SANs also needn’t be located in the same place as the server in order to function. Furthermore, they operate independently of the operating system of the computer being accessed; this makes them particularly ideal for cross-platform options. SANs were developed with the intention of helping to tackle the management problems that dedicated hard drive servers are often responsible for. Through its shared virtual storage space, storage area networks provide noticeably more effective and flexible solutions for dealing with large volumes of data. In contrast to simple network storage solutions like network attached storage (NAS), SANs prevent LANs from being overburdened.

System architecture of storage area networks

Due to its complicated system architecture, which in part requires very expensive hardware, setting up a storage area network can prove to be a complicated and cost-intensive undertaking. Excluding the cables and other basics, the following fundamentals are needed for setting up a SAN server:

  • Fiber channel fabric: in the IT world, the term ‘fabric’ encompasses a network of cable lines and switches that boast a high redundancy due to their multiple cross connections. In addition to enabling an enormous data throughput, this set-up also provides a high bandwidth as well as increased reliability. Fabric composed of fiber channel switches and fiber optic cables make up the core of storage area networks. In doing so, all devices using SANs are linked to the fiber channel switch, thereby providing the necessary connections needed for data access to be carried out in real time between senders and recipients. As standard interfaces for storage networks, fiber channels are designed to provide a steady high-speed data transfer, measuring up to 16 Gbit/s.
  • Storage elements: disk arrays are generally the go-to storage devices used for SANs. This is where devices with multiple hard disk drives (HDDs or SSDs) intended for mass storage purposes come into play. In order to ensure that stored data is easily accessed, modern disk arrays possess controllers; this provides both redundant data storage and load distribution for data transfer. This makes data more secure and additionally increases transfer rates. Implementing a redundant storage process is normally carried out using a RAID system (redundant array of independent disk) that aggregates the individual, physical hard drives of disk array into a logical disk drive. Alternatively, tape libraries, or single hard drives can be imported into a SAN.
  • SAN servers: SANs require specially configured servers in order to optimally control data access. This enables the network to serve as a link between the storage network and terminal devices connected to the LAN. For this purpose, special hardware interfaces (host bus adapters, or HBAs) are connected to the fiber channel switch.

Setting up a SAN

A storage area network is specifically set up to provide high availability. Despite potential breakdowns of individual hardware components, the ability of this computer system makes it possible to deliver hitch-free business applications.

Redundant storage cycles

If SAN storage is powered by disk arrays, then the required redundancy for virtual storage units is generally provided through RAID implementations. This is due to the fact that data found in full-fledged RAID systems is generally mirrored in two different physical storage devices. Moreover, increasing availability and reducing the risk of crashes for storage units can be accomplished by implementing two RAID controllers. Disaster scenarios can also be avoided by storing identical datasets in two different locations. Setting up a redundant storage network also involves incorporating a proper supply engineering into your set-up. Companies should therefore ensure that their power supply adapters are equipped with backup ventilator and cooling elements.

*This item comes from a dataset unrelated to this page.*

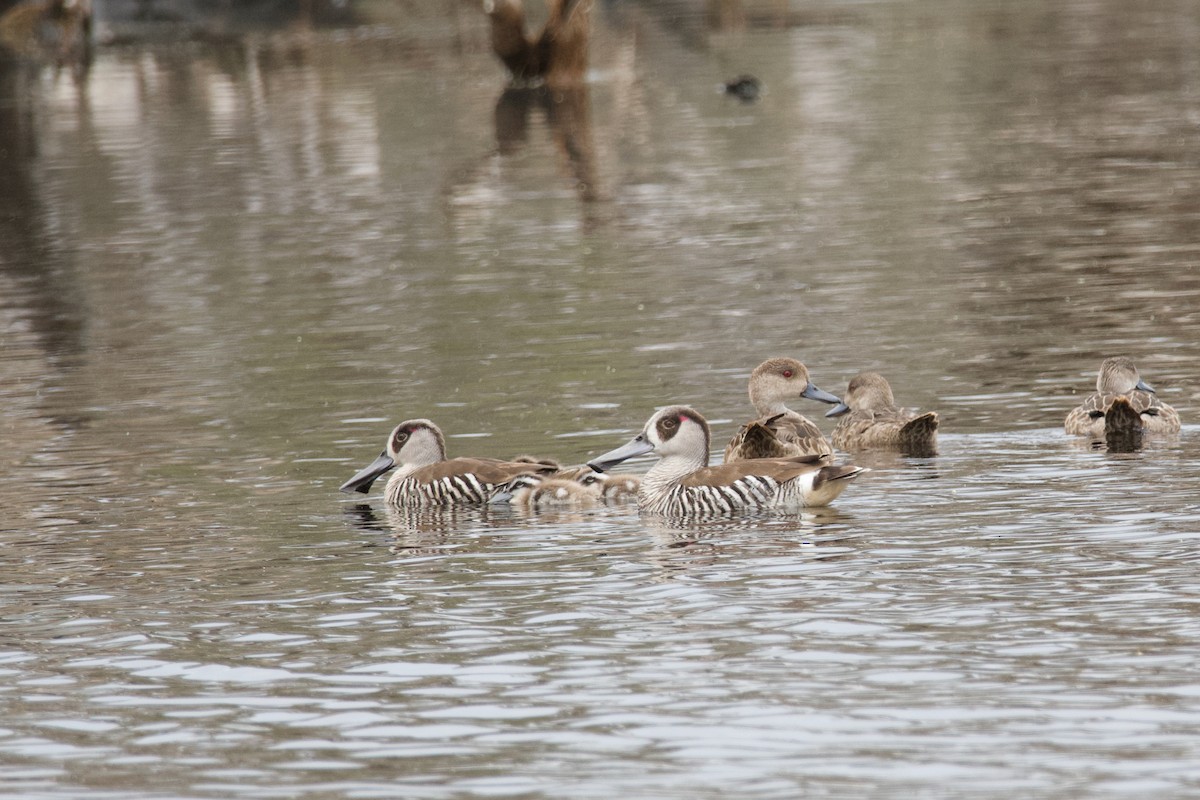 Pink-eared Duck - ML496546431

An overview of SAN’s advantages

Those operating SANs profit from the combined capacities of varying data storage. The ability on the part of a storage area network to aggregate various physical data storage capacities into a solid storage foundation is a particularly attractive feature for server operators. This option provides users with servers that are both platform independent and flexible. Decoupling storage devices from accessed servers enables storage capacity to be easily managed and scaled as needed; excessive burden is also removed from the LAN. Storage area networks based on fiber optic technology support high data transfer rates due to their fiber channel’s standard interface.

Multipathing and cross connections based on fiber channel fabric prevent overloading and ensure constant availability of data stored in SANs. Access between data pools and users can occur through multiple routes. Redundantly distributing data onto multiple physical systems guarantees the high security of saved data. Delays when simultaneously accessing data is furthermore reduced. Due to its effective storage management, SAN is often used as a platform for virtual servers; this is offered to customers as a cloud-based IaaS (infrastructure as a service).